2004-03-10 Thread Michael Devore
At 03:38 AM 3/11/2004 +0300, Arkady V.Belousov wrote:
>Hi!
>
>10-íÁÒ-2004 15:54 [EMAIL PROTECTED] (Michael Devore) wrote to
>[EMAIL PROTECTED]:
>
>MD> What would you think about an EMM386 that decided to steal some of your XMS
>MD> memory at startup, just in case a VCPI-using program wanted it later on?  I
>
> As I understand, EMM386 may inserts itself into XMM chain and behave as
>XMM over HIMEM. Thus, you will one memory available both through EMS and
>XMS, as in QEMM386.

No, the memory allocation is quite different.  XMS memory is allocated in discrete 
sizes, with an extremely limited number of handles, and locking a block gives you a 
starting address which references the whole block.  Memory within the block is always 
assumed linear for access.

There is no such thing as an absolute address with EMS other than the 64K page frame 
in low memory and a single 16K (EMS) or 4K (VCPI) block.  As a consequence, you can 
allocate EMS/VCPI memory in a random spray across a memory range without any side 
effects -- you need only track what 4K/16K pages goes with what EMS handle.  EMS 
memory can be, and usually is, nonlinear.

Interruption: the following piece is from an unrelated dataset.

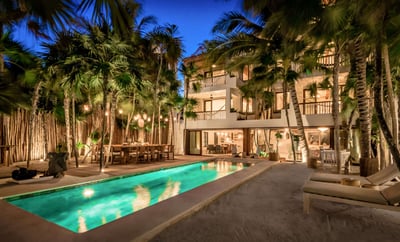 Luxury Villa Photo #4
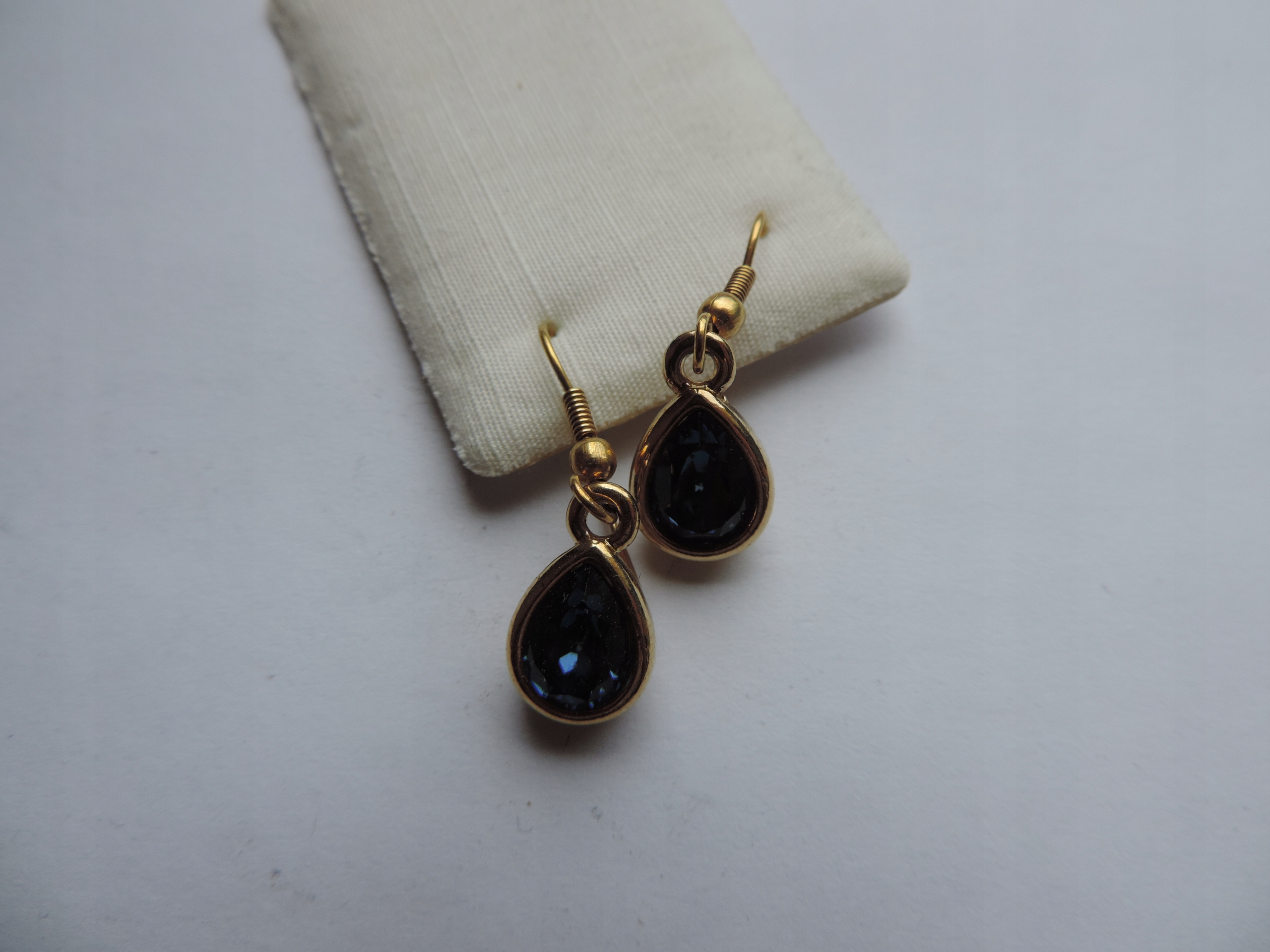 BIŻUTERYJNE RÓŻNOŚCI - KOLCZYKI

If you start allocating XMS in a random spray to satisfy a number of VCPI 4K requests, 
you immediately fragment its memory pool and require more than a simple array of 
handles to track where things go.  XMS is currently tracked as a position in and a 
length of physical memory per handle, not as a list of varying sized allocations per 
handle (which wouldn't even work for linearity).  The only XMS handle allocation which 
can potentially grow would be the last one on the chain of allocations into the free 
area, the other XMS handle allocations are bounded by their neighbors.

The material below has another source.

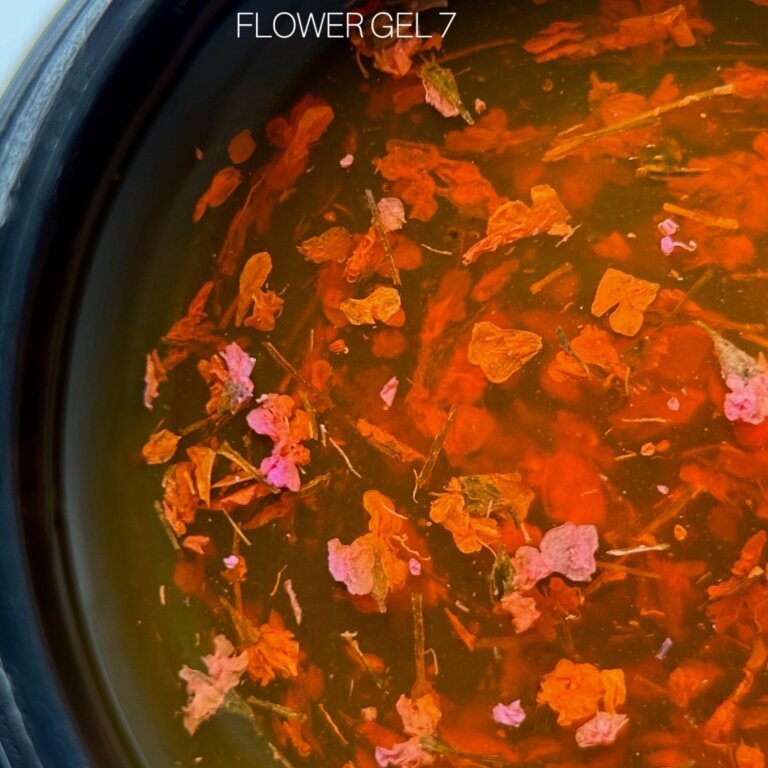 Гель-лак з сухоцвітами Saga Flower 07, 5 мл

Currently the EMM could use a single chunk of XMS memory and suballocate it into 4K 
and 16K memory allocations as requested for EMS/VCPI memory requests only.  But that 
single chunk would have to be allocated at startup and couldn't change size.  And if 
fact, that's how it does work right now.

What you'd have to do to share EMS and XMS is dynamically support growing and 
shrinking of any arbitrary XMS block that the EMM would use.  It could be done by 
virtualization and dynamically remapping physical to linear memory through the page 
tables with each page change, but it's by no means a simple task and a good bit of the 
code to do it would have to be written from scratch, not to mention side issues.  
Doing all that's a lot of work, well beyond anything I'm ready to take on right now.  
It's much of the reason QEMM used to be able to charge a good price for their memory 
manager over what Microsoft then supplied for free.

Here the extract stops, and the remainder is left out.